**Exercise brief**.
Give back the lines below verbatim, omitting all pictures.
=== Section Start ===
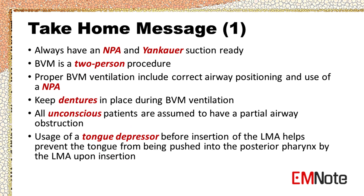Take-home message: Always have a nasopharyngeal airway and yankauer suction ready. Bag valve mask ventilation is a two-person procedure. Proper bag valve mask ventilation includes correct airway positioning and use of a nasopharyngeal airway. Keep dentures in place during bag valve mask ventilation. All unconscious patients are assumed to have a partial airway obstruction. Usage of a tongue depressor before LMA insertion helps prevent the tongue from being pushed into the posterior pharynx.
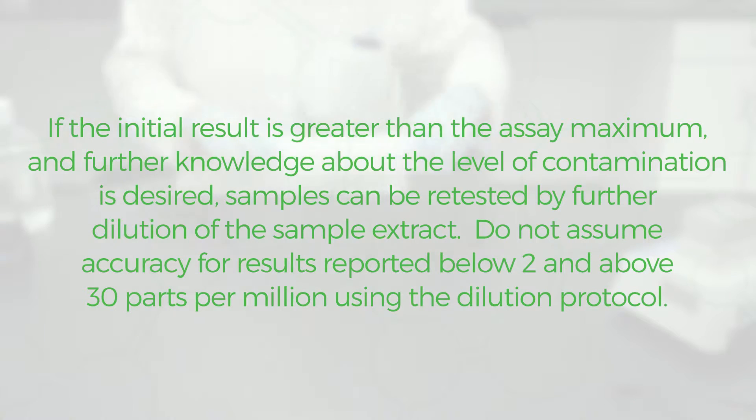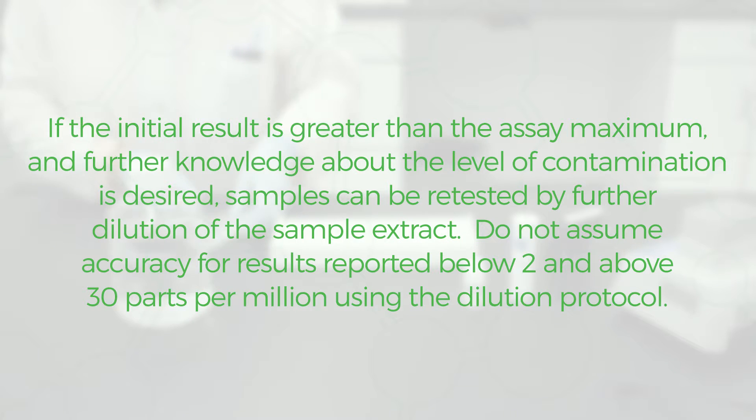If the initial result is greater than the assay maximum and further knowledge about the level of contamination is desired, samples can be retested by further dilution of the sample extract. Do not assume accuracy for results reported below 2 and above 30 parts per million using the dilution protocol.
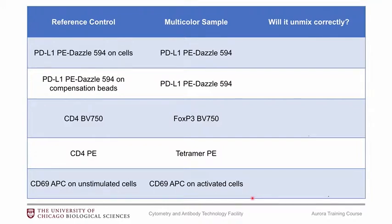Now for a little quiz. If we have a PE-Dazzle antibody for PD-L1, and we stain cells with that — and our multicolor sample is that same exact antibody — will that unmix correctly? Yes, because they're the same cells and the same antibody. Now if we put that antibody on compensation beads instead, will that work? Most likely yes — we'll get into this later. Now, if you want to stain FoxP3 using BV750 but switched your reference control to a CD4 with the same fluorophore, will that unmix correctly?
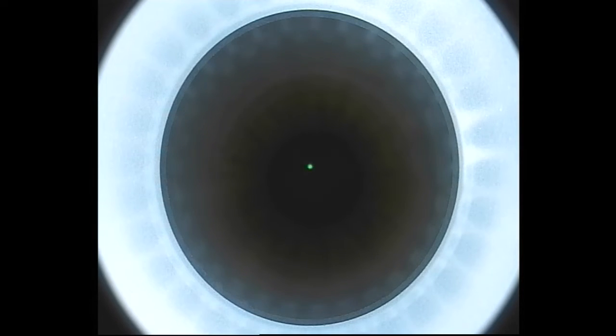Here we are docking the eye with the Visumax. One thing that's nice about the Visumax — I've performed a number of LASIK flaps with this machine to get ready for SMILE — is that patients are very comfortable. The eye pressure only goes up to about 80 millimeters of mercury with the suction, so they don't lose fixation, they don't lose vision, and more importantly they're very comfortable. They don't squeeze like with some of the other femtosecond platforms.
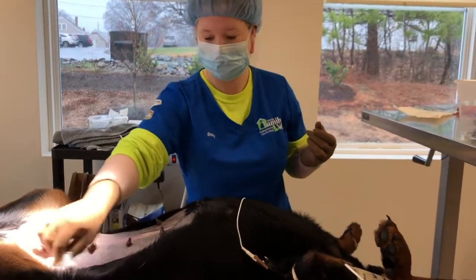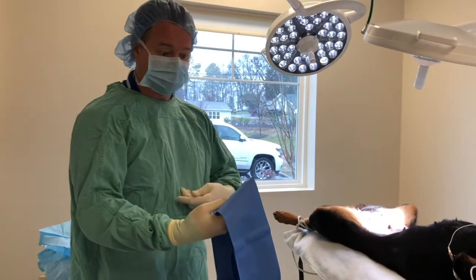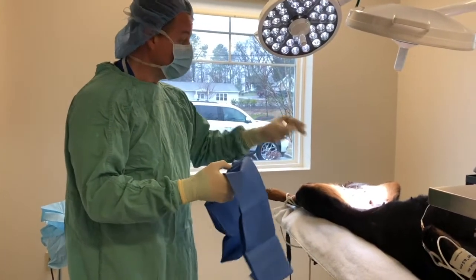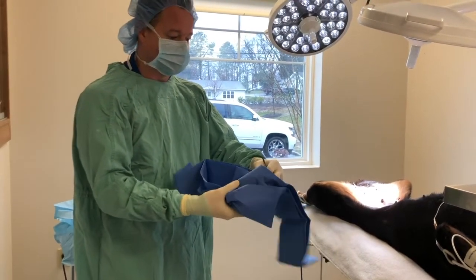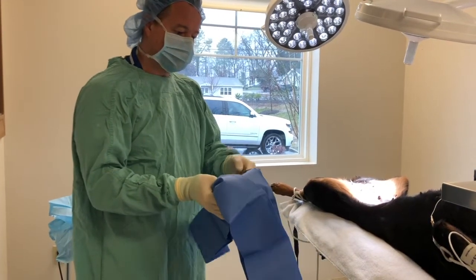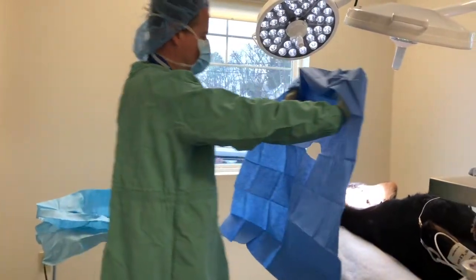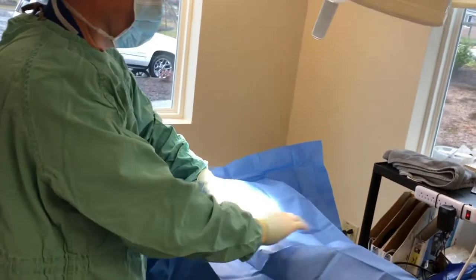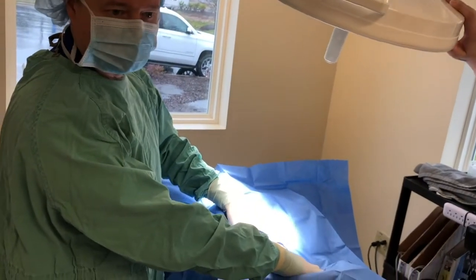This gives us the cleanest possible surgery site we can have. I'm scrubbed in, covered in — this gown is sterile, the gloves are sterile, and this drape is sterile, meaning there's no bacteria on it at all. And the dog is clean. You can never fully sterilize skin; you can only reduce the bacteria on it and get it clean. Now I've draped in and covered up most of her body, leaving just the sterile field exposed, with a limited amount of bacteria that can contaminate our surgery site.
=== Section End ===
**Your solution**.
Take-home message: Always have a nasopharyngeal airway and yankauer suction ready. Bag valve mask ventilation is a two-person procedure. Proper bag valve mask ventilation includes correct airway positioning and use of a nasopharyngeal airway. Keep dentures in place during bag valve mask ventilation. All unconscious patients are assumed to have a partial airway obstruction. Usage of a tongue depressor before LMA insertion helps prevent the tongue from being pushed into the posterior pharynx.
If the initial result is greater than the assay maximum and further knowledge about the level of contamination is desired, samples can be retested by further dilution of the sample extract. Do not assume accuracy for results reported below 2 and above 30 parts per million using the dilution protocol.
Now for a little quiz. If we have a PE-Dazzle antibody for PD-L1, and we stain cells with that — and our multicolor sample is that same exact antibody — will that unmix correctly? Yes, because they're the same cells and the same antibody. Now if we put that antibody on compensation beads instead, will that work? Most likely yes — we'll get into this later. Now, if you want to stain FoxP3 using BV750 but switched your reference control to a CD4 with the same fluorophore, will that unmix correctly?
Here we are docking the eye with the Visumax. One thing that's nice about the Visumax — I've performed a number of LASIK flaps with this machine to get ready for SMILE — is that patients are very comfortable. The eye pressure only goes up to about 80 millimeters of mercury with the suction, so they don't lose fixation, they don't lose vision, and more importantly they're very comfortable. They don't squeeze like with some of the other femtosecond platforms.
This gives us the cleanest possible surgery site we can have. I'm scrubbed in, covered in — this gown is sterile, the gloves are sterile, and this drape is sterile, meaning there's no bacteria on it at all. And the dog is clean. You can never fully sterilize skin; you can only reduce the bacteria on it and get it clean. Now I've draped in and covered up most of her body, leaving just the sterile field exposed, with a limited amount of bacteria that can contaminate our surgery site.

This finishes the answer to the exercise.